Generic build script instructions
Thu Jun 17 03:20:00 GMT 2004
On Wed, 16 Jun 2004, Charles Wilson wrote:
> Igor Pechtchanski wrote:
> > P.S. FWIW, another idea I had, akin to Max's python approach, was to
> > actually append a (wrapped) GBS patch to the GBS instead of changing the
> > script directly, and have the GBS detect that fact and apply the patch to
> > itself, then running the resulting script (piping it to an exec'ed shell).
> > Opinions?
> I don't really like this -- it's moving more to a "standard tool +
> external configury" model, like imake (or even rpm/deb). While that's
> not a BAD model, as obviously so many tools use it, it's not what gbs
> was originally intended to do.
I understand that gbs is really a template. The above idea was actually
an add-on to help people who maintain multiple packages with gbs.
Alternatively, people will have to do a diff of gbs with the base version,
and then forward-port their changes if they want to move to a new version
(and there are reasons for this sometimes, e.g. switching to a different
> Now, a change in direction is fine, if you're SURE that you want to go
> in that direction. But consider, if you really want a standard tool +
> external configury model, if gbs is really the proper framework.
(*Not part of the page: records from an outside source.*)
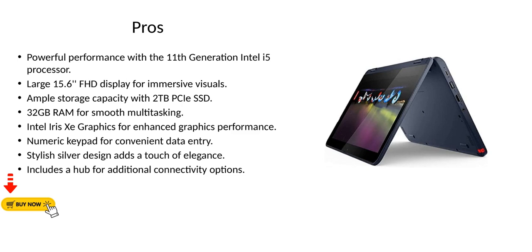Intel Iris Xe graphics for enhanced graphics performance. Numeric keypad for convenient data entry. Stylish silver design adds a touch of elegance. Includes a hub for additional connectivity options.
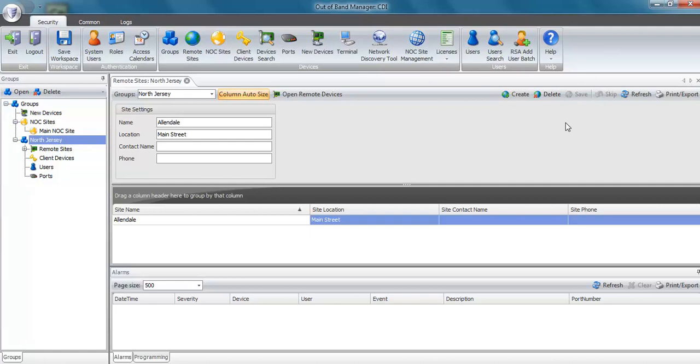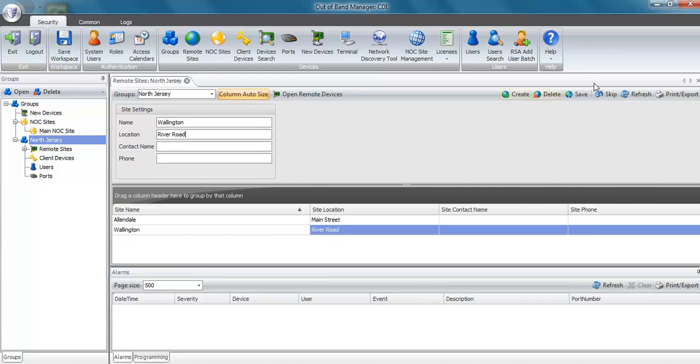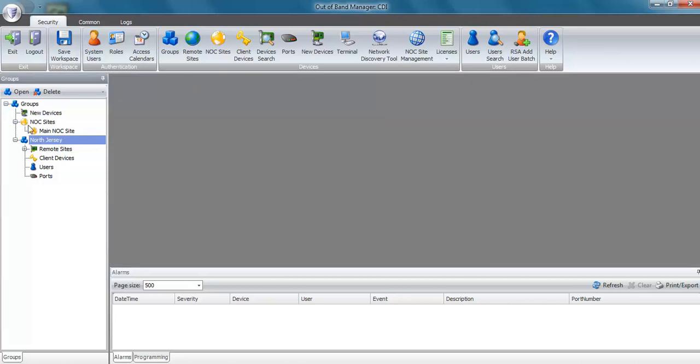I'm going to add a second remote site. Type in the information and click on the save button. And you can see that now the remote sites are listed underneath North Jersey.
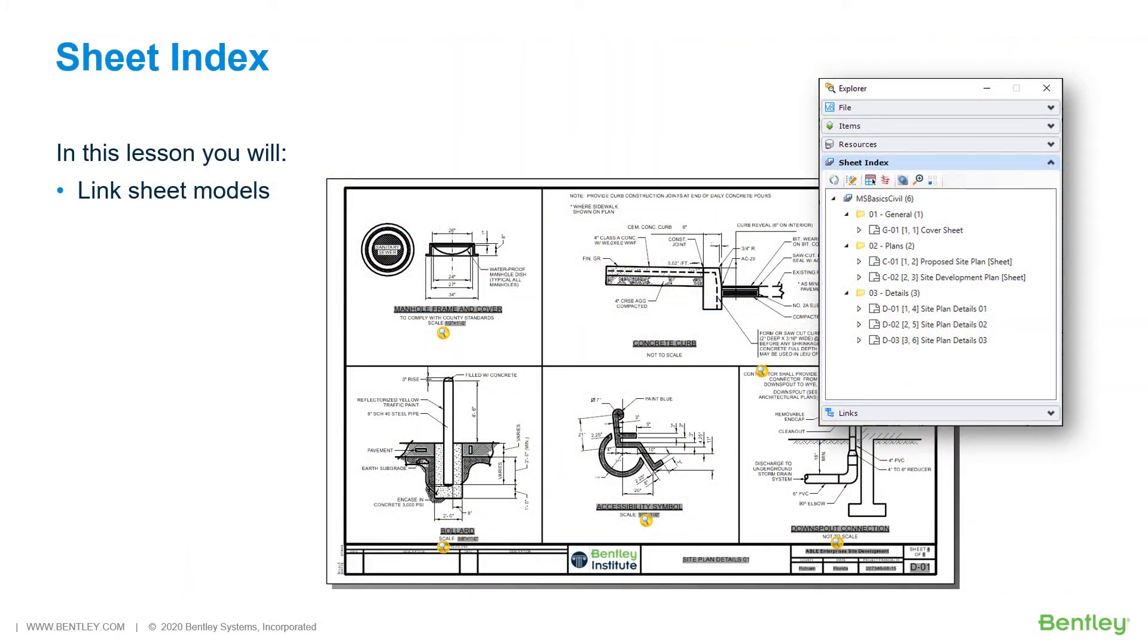Sheet Index. A Sheet Index is a centralized and structured collection of sheets in your project. You may link any sheet model from any design file of your project into a Sheet Index.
> I'd think that cgf's netrel (or several other build helpers mentioned on
> this list) would be a better fit for that model. The extreme
> genericization(?) of gbs is only making the package more and more
> complicated -- and more daunting to a new porter just easing into cygwin
> maintainership. It's no longer a simple, quick-n-dirty tool for making
> cygwin packages.
> Even dpkg/rpm + an "unroller" that turns the .rpm/.deb into a .tar.gz,
> and pulls the trigger-scripts out and puts them into /etc/*/
> appropriately, would be a better fit for the "standard tool + external
> configury" model than gbs, IMO.
Well, yes, I agree that if you really anticipate having to maintain
multiple packages from the outset, and want to keep more or less the same
build procedure for each of them (helps if they are related), you should
probably start already with something more sophisticated than the gbs.
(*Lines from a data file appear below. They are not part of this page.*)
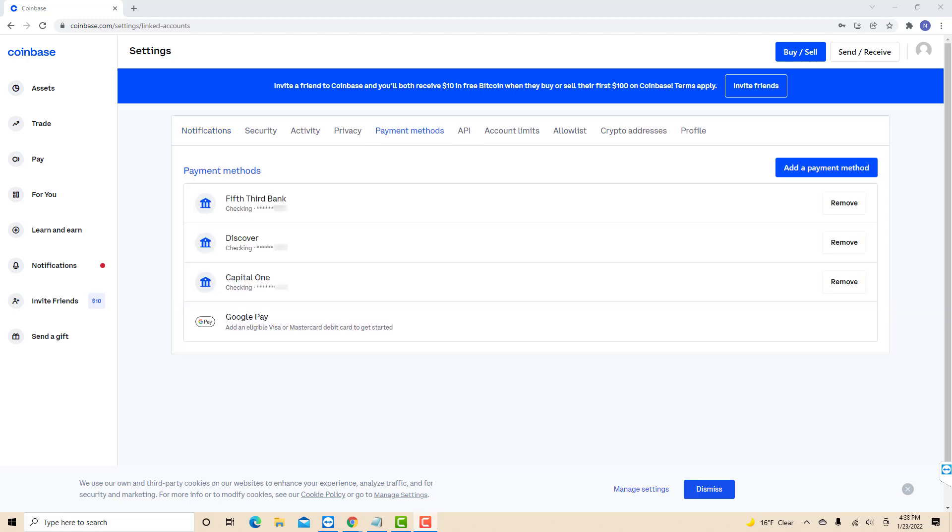Under the payment methods tab, you will see the list of your payment methods. On its right side, you will see a remove button. Click on the remove button beside the payment method you wish to delete.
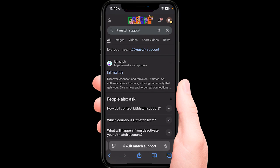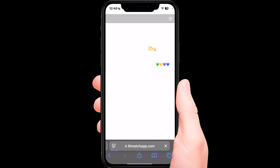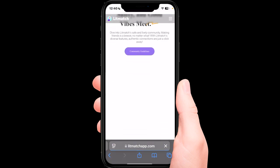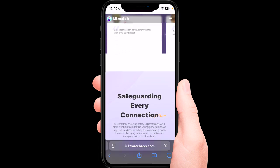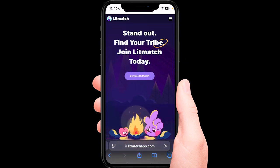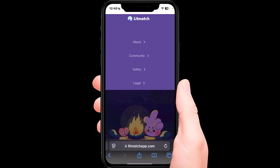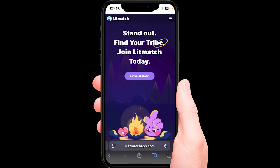In today's YouTube video, I'm going to show you how to fix the LitMatch 'too many accounts' error. What you want to do is simply contact LitMatch support and submit a report explaining your issue — that too many accounts have logged in and you're not able to gain access again. A moderator will then help you fix this issue using the information you've provided.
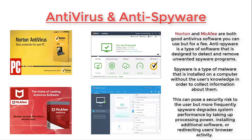Spyware can pose a security risk to the user, but more frequently it degrades system performance by taking up processing power, installing additional software, or redirecting users' browser activity. Make sure you update your computer regularly. Most computer software will automatically update on its own during the booting phase once you turn on your computer or right before you shut it down. There are many companies advertising on the internet that they offer free protection for PCs — do plenty of research before downloading any type of software, and be wary of companies promising protection for free.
But if you simply want to keep up with the gbs releases and features, and
keep some package-specific changes bundled up, isolating the patch seems
reasonable to me. Mind you, this is for very simple patches, like
changing the type of the archive (e.g., one of my packages, jgraph, uses a
.shar.Z distribution), or changing the name of the makefile "test" rule...
I think anything complex enough to require a lot of changes will probably
not be using gbs anyway.
P.S. And yes, I realize that anything that can be used can also be abused.
I'm willing to take that chance here.